According to theCUBE Research, Apache Pinot stands out for its ability to serve as a consolidated platform for real-time analytics, thanks to its OLAP engine and flexible indexing capabilities such as star-tree indexes. This design allows organizations to streamline their data architecture into a single source of truth, unlike systems like Flink, which often require deploying separate applications for each product or use case. This leads to infrastructure sprawl and a slower time to insight.
Pinot also plays a key role in democratizing access to real-time data. Its support for standard SQL empowers a broader range of users- analysts and developers without deep streaming expertise—to contribute meaningfully to performance tuning and observability efforts. “Real-time insights are only valuable if they’re accessible,” said Dave Vellante, Chief Analyst at theCUBE Research. “Pinot’s query-first model and native Kafka ingestion provide the agility modern data teams demand.”
Cost Savings and Reliability Gains
Adopting Apache Pinot at Nubank has delivered substantial performance and cost benefits. By applying automated tuning recommendations, one critical dataset saw an 80% reduction in processing time, from 300 minutes to just around 60, while its failure rate dropped to zero. These improvements directly translated into measurable cloud cost savings, with partition tuning cutting infrastructure expenses by approximately $1 million annually.
Beyond raw efficiency gains, Pinot has driven a culture shift in observability and performance optimization. More than 300 engineers now actively use real-time Spark stage metrics to monitor and fine-tune their workloads—an exponential increase from the pre-Pinot era, when engagement was minimal. With a 96% success rate across tested jobs, the tuning recommender has proven scalable and reliable, delivering performance improvements in 19 of every 20 use cases.

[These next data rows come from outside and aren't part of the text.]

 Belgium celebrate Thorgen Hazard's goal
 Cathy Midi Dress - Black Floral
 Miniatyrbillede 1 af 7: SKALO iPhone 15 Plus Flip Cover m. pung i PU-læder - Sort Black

Final Thoughts on Real-Time Observability
Nubank’s case study is a leading example of how modern data platforms can evolve from batch-centric architectures into real-time, intelligent observability systems. Their strategic use of Apache Pinot shows how a well-designed, low-latency analytical database can be at the core of operational excellence and cost efficiency. For any organization running large-scale Spark jobs or facing complexity in managing thousands of ETL pipelines, the Nubank blueprint offers both inspiration and a tangible path to better outcomes.